By lex, on December 3rd, 2011
Initial drafts of the letter reflected the hard tone of Burke’s unequivocal assertions that the allegations Grassley was hearing from ATF agents were wrong. Later drafts were more measured, prompting Burke to complain in one email: “Every version gets weaker. We will be apologizing” to Grassley “by tomorrow afternoon.” Regarding the allegation that ATF sanctioned the sale of assault weapons to a straw purchaser, the Justice Department denial was scaled back slightly from “categorically false” to “false.” ”Why poke the tiger,” Lisa Monaco, the top aide to the deputy attorney general, explained in an email to Ron Weich, the assistant attorney general for legislative affairs whose signature was on the letter.
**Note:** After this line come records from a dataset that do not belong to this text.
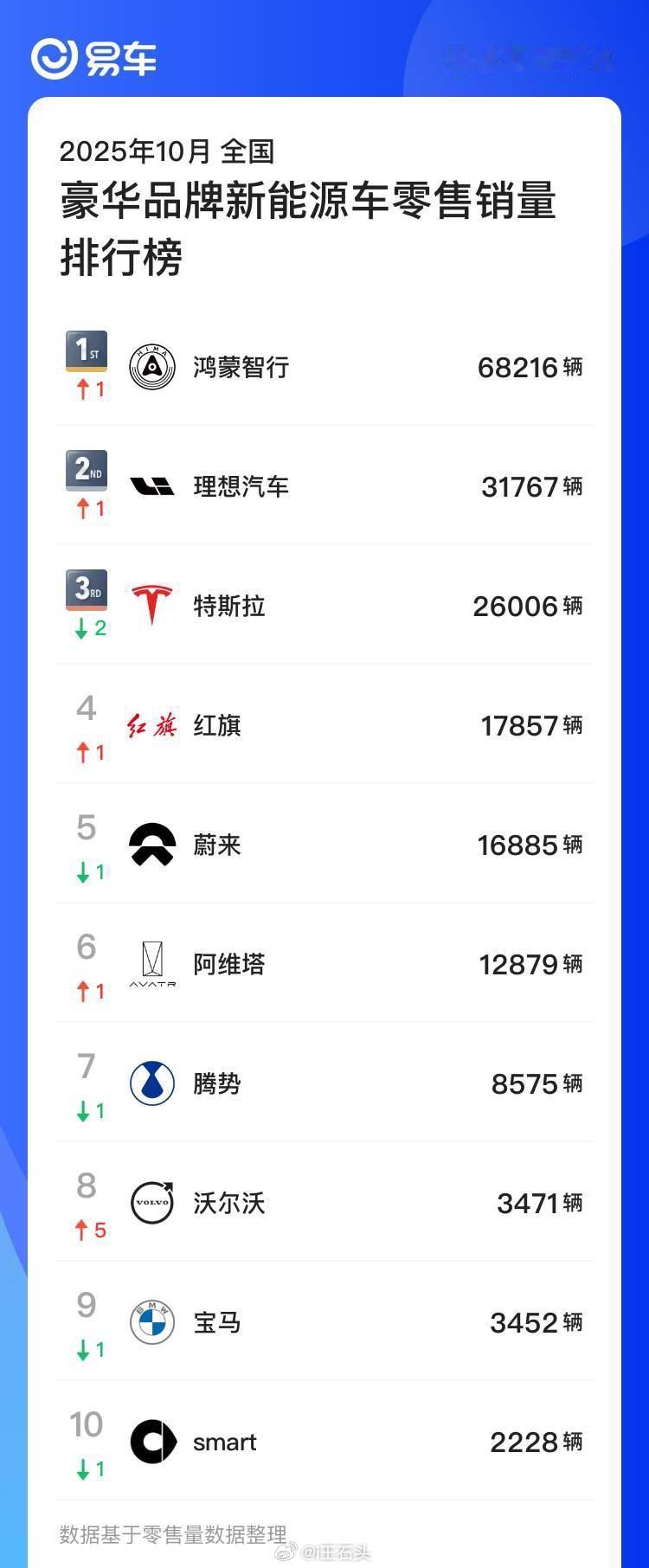 易车的这个榜单挺“客观公正”的，应该可以发吧？ 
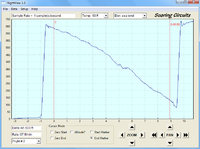 Name: Pulsar 4-25-12.png
Views: 108
Size: 57.5 KB
Description: E-Pulsar 3.2 REF Trimming Flight.  57 fpm sink rate - 2000 fpm climb.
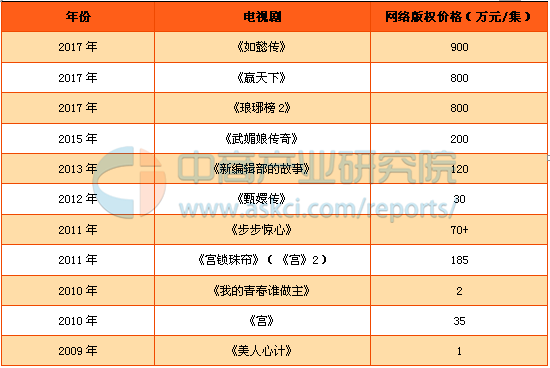 如火如荼的視頻網站究竟營收幾何？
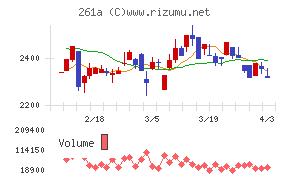 日水コンチャート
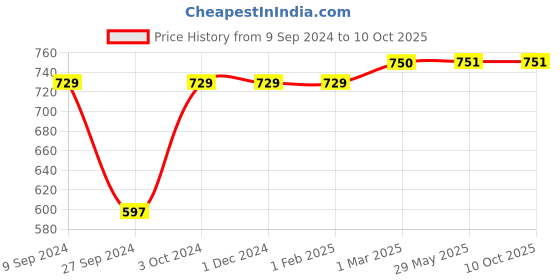 firstcry.com SuperBottoms UNO Trim Chevron Cloth Diaper - Multicolour superbottoms Price History Graph from 9 Sep 2024 to 10 Oct 2025
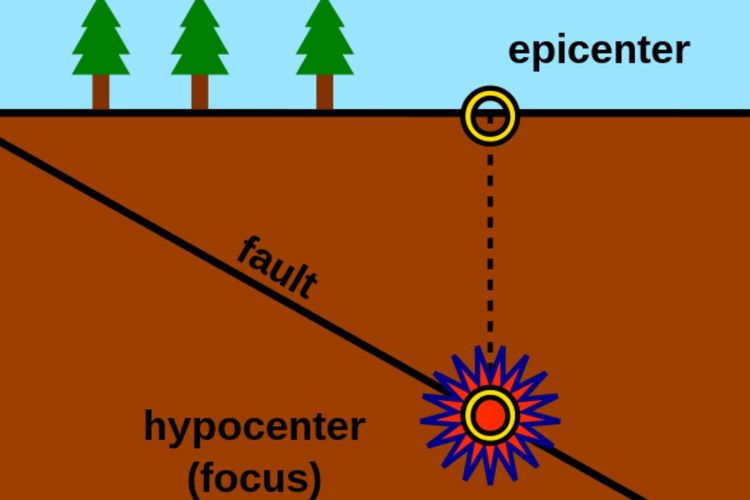 Salah satu perbedaan hiposentrum dan episentrum adalah titik pusat gempanya. Hiposentrum ada di dalam Bumi, sementara episentrum di permukaan Bumi yang titiknya tegak lurus dengan hiposentrum.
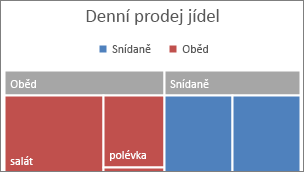 Obrázek nejvyšší kategorie proporčního grafu zobrazené v banneru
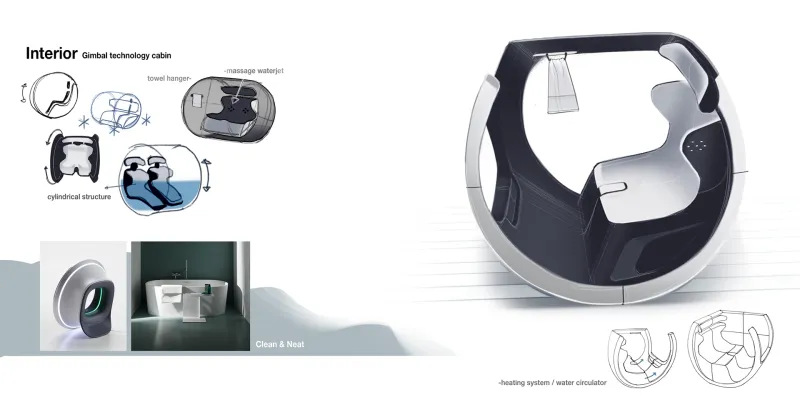 لن تصدق.. هوندا تصمم سيارة تتيح الاستحمام بداخلها (صور)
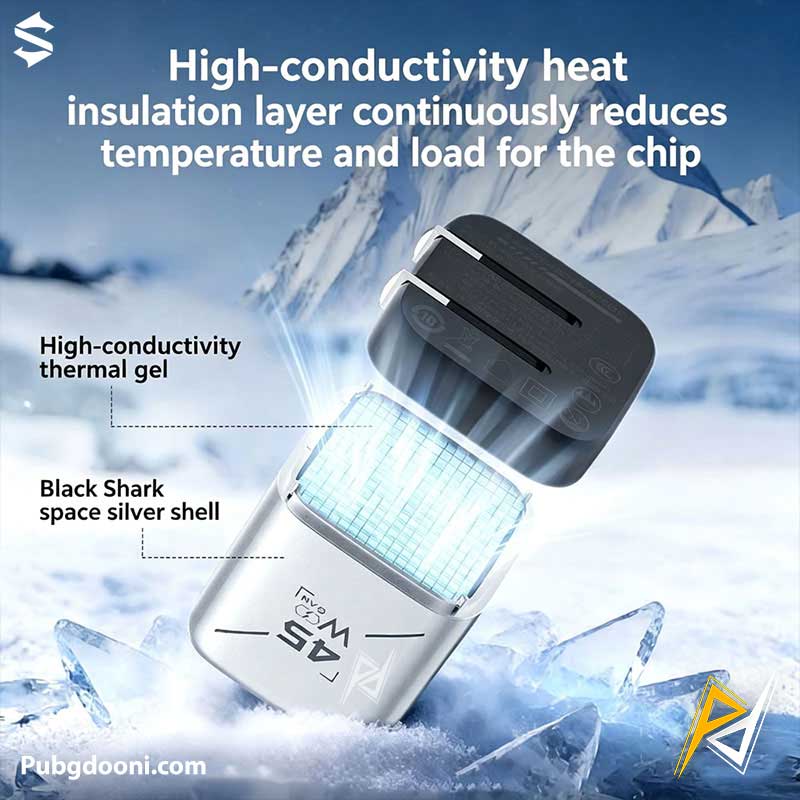 blackshark-bg09-45w-gan-charger-8 بهترین قیمت خرید آداپتور فست شارژ 45W بلک شارک Black Shark GaN Charger BG09 اورجینال و اصل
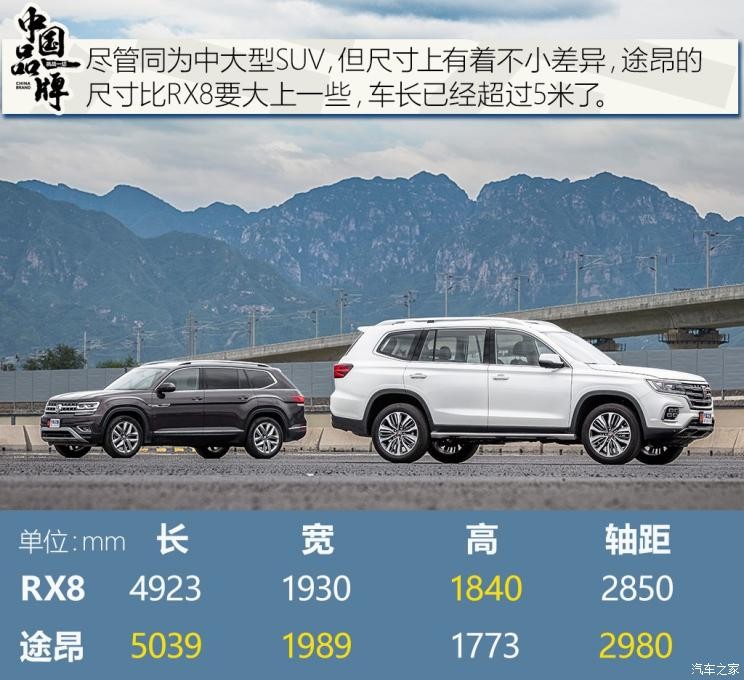 上汽集團(tuán) 榮威RX8 2019款 30T 智聯(lián)網(wǎng)四驅(qū)超群至尊版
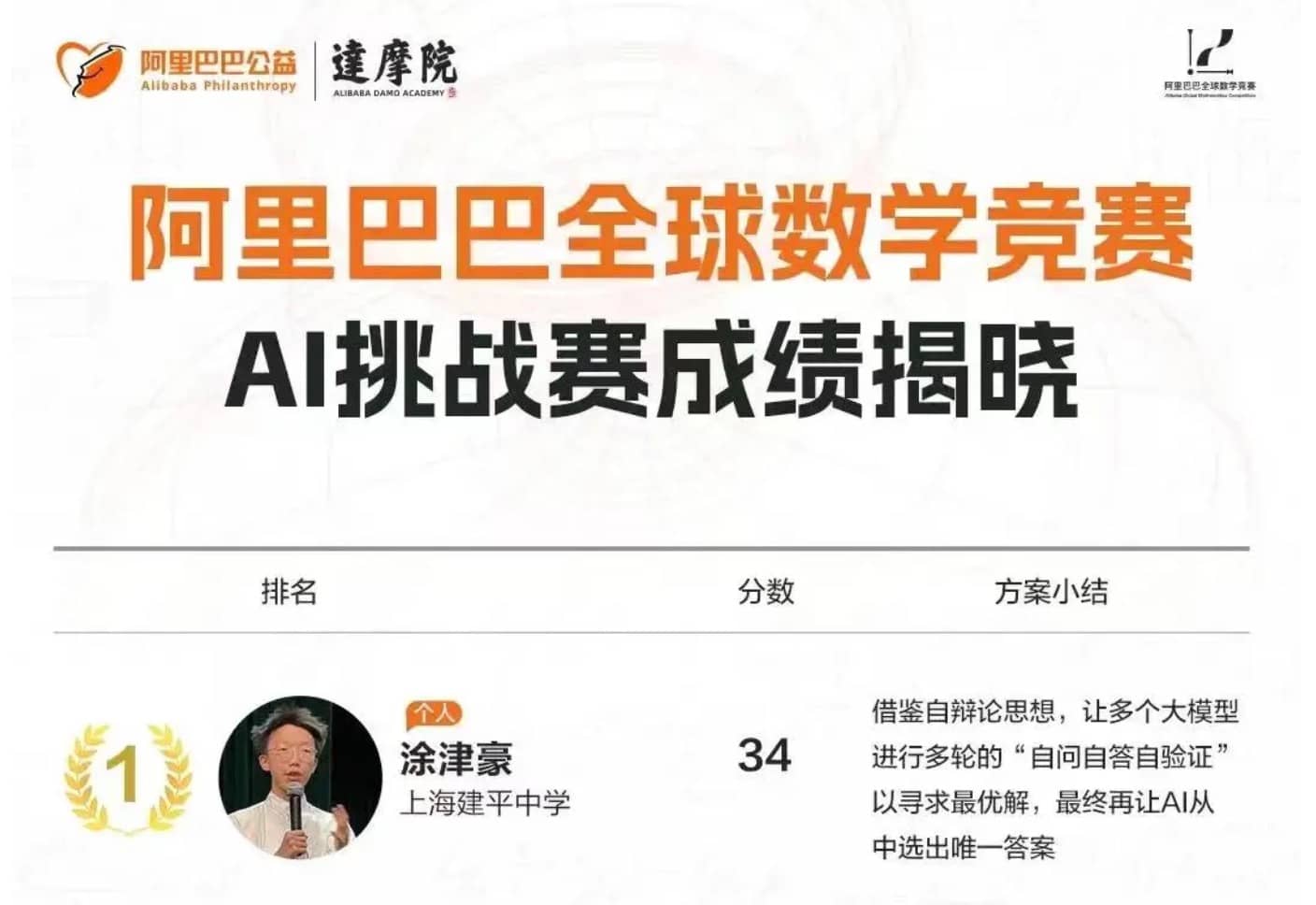 Thinking-Claude:让 Claude 实现类似OpenAI o1 模型一样的高级推理模式 Thinking-Claude:让 Claude 实现类似OpenAI o1 模型一样的高级推理模式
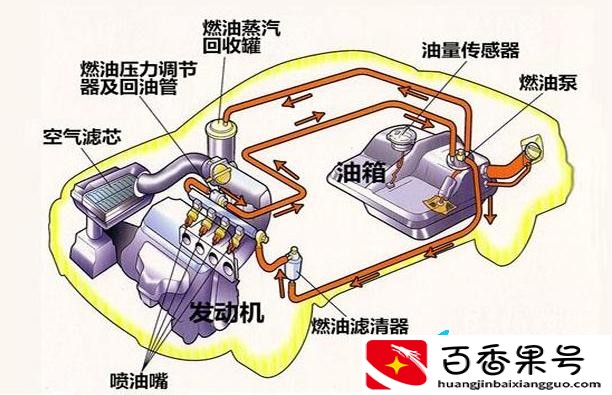 燃油添加剂有用吗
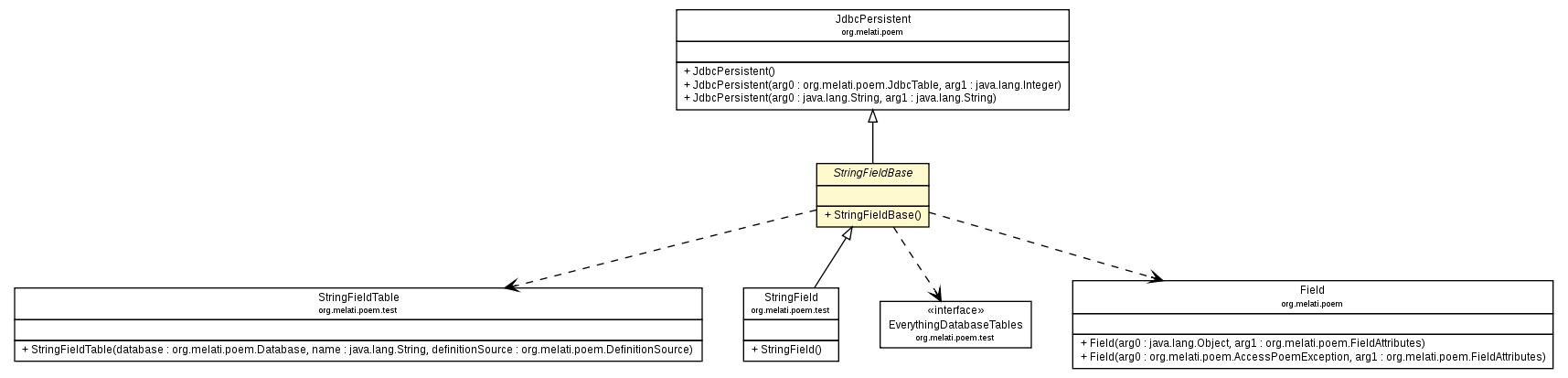 Package class diagram package StringFieldBase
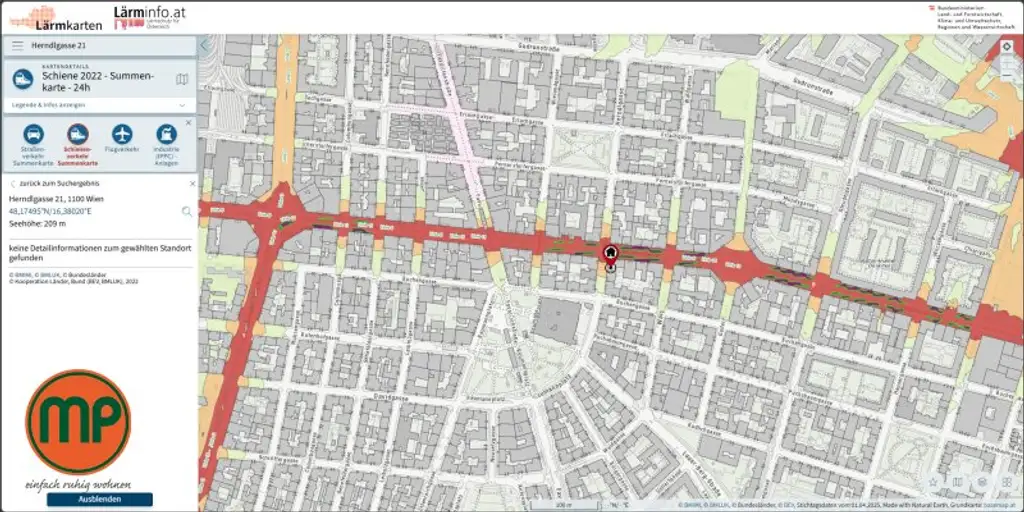 perfekte Junggesellenwohnung - 10 Minuten von der City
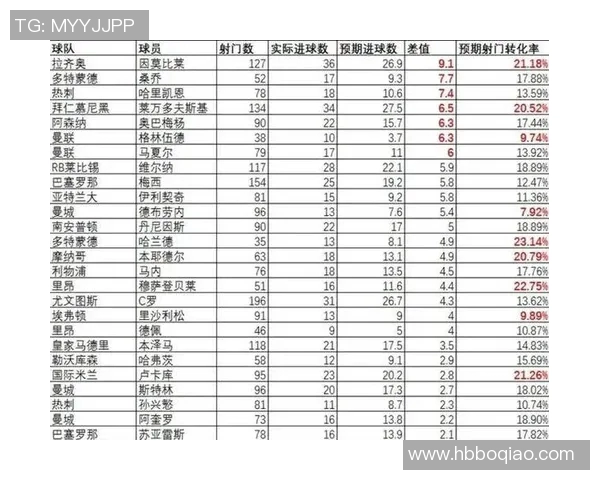 进球概率分析数据报告 进球概率分析数据报告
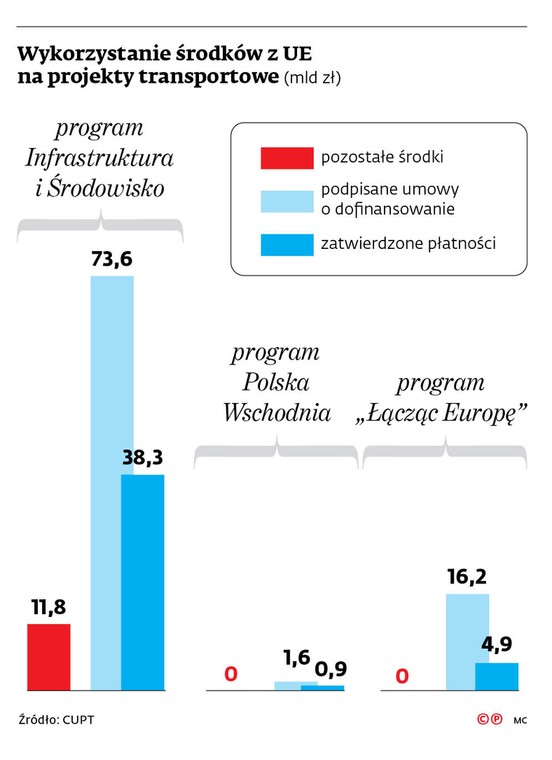 Wykorzystanie środków z UE na projekty transportowe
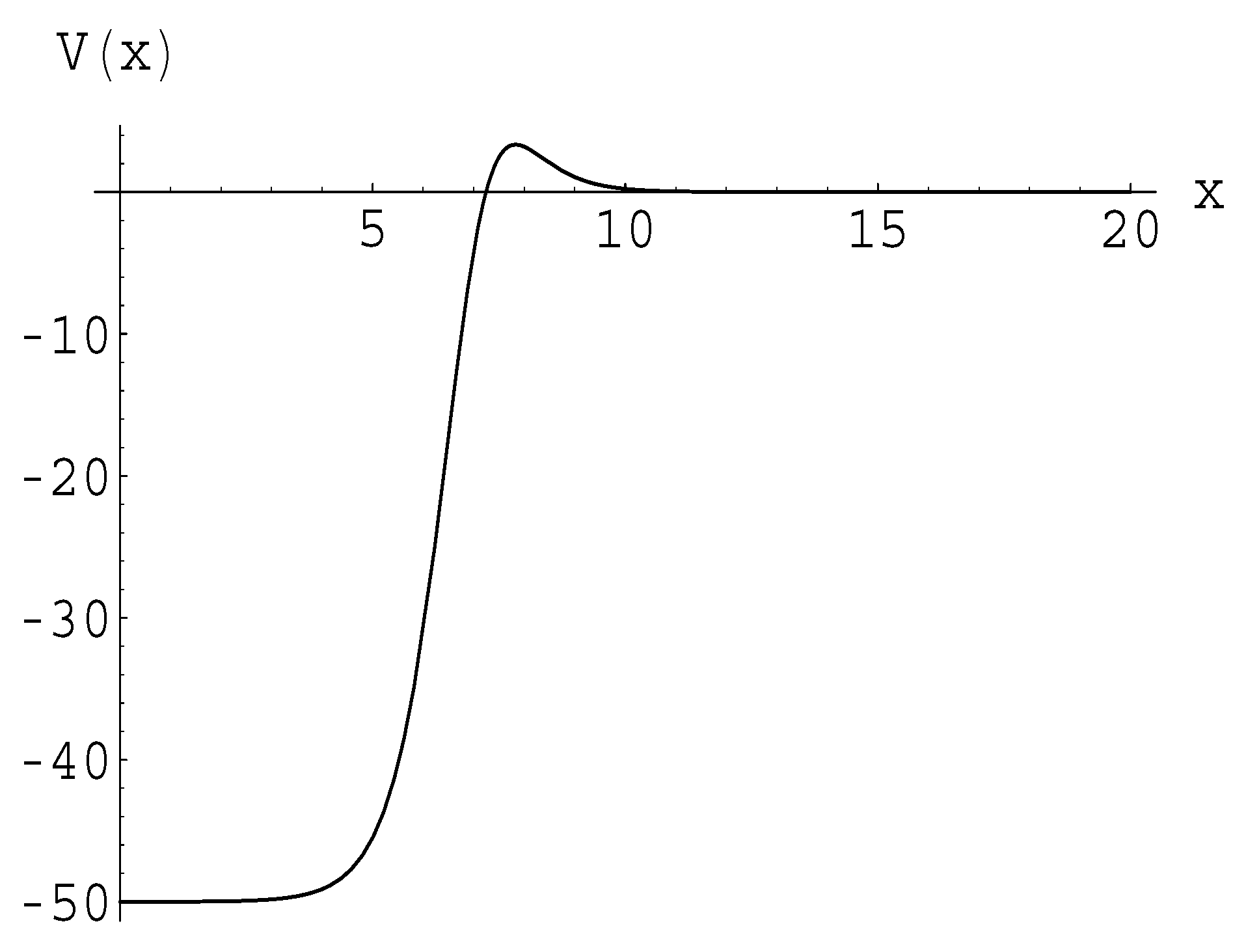 Mathematics 07 01124 g004 Mathematics 07 01124 g004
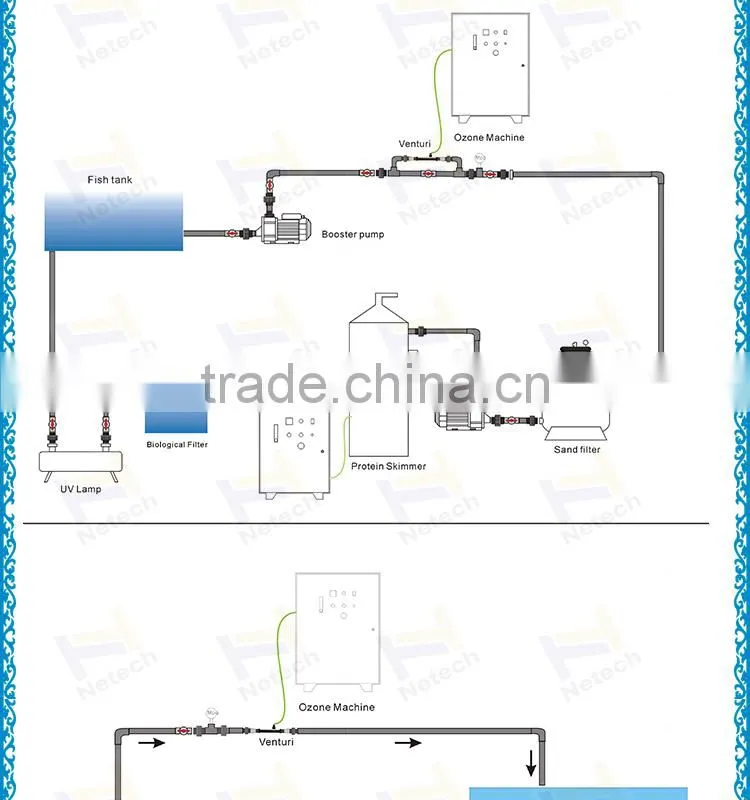 Cost saving PVDF venturi injector / venturi mixer / venturi gas mixer for water treatment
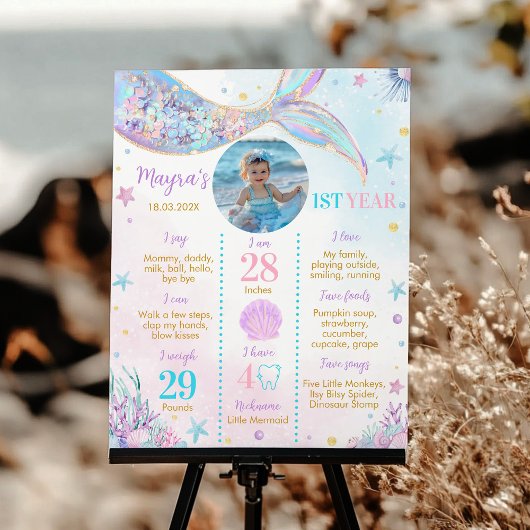 Mermaid First Birthday Foto Milestone Poster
In another email, Burke wrote, “By the way, what is so offensive about this whole project” of response “is that Grassley’s staff, acting as willing stooges for the Gun Lobby, have attempted to distract from the incredible success in dismantling” Southwest Border “gun trafficking operations” and “not uttering one word of rightful praise and thanks to ATF — but, instead, lobbing this reckless despicable accusation that ATF is complicit in the murder of a fellow federal law enforcement officer.”
An accusation that, as it turned out – and contra Mr. Burke’s strenuous denials – was true.
On Friday night, Grassley spokeswoman Beth Levine said that “Burke personally apologized to Sen. Grassley’s staff for the tone and the content of the emails” after learning from the Justice Department that the emails would be released.
Apologize now, or apologize later I suppose.
Perhaps its different in other parts of the federal bureaucracy, but in the Navy, at least, senior executives take congressional inquiries quite seriously. And you’d never make it to flag rank by committing your actual thoughts about congressmen or senators to an email.
Of course, flag officers are typically selected competitively based on such characteristics as intelligence, integrity and professional performance. US attorneys, being political appointees, may have other selection criteria.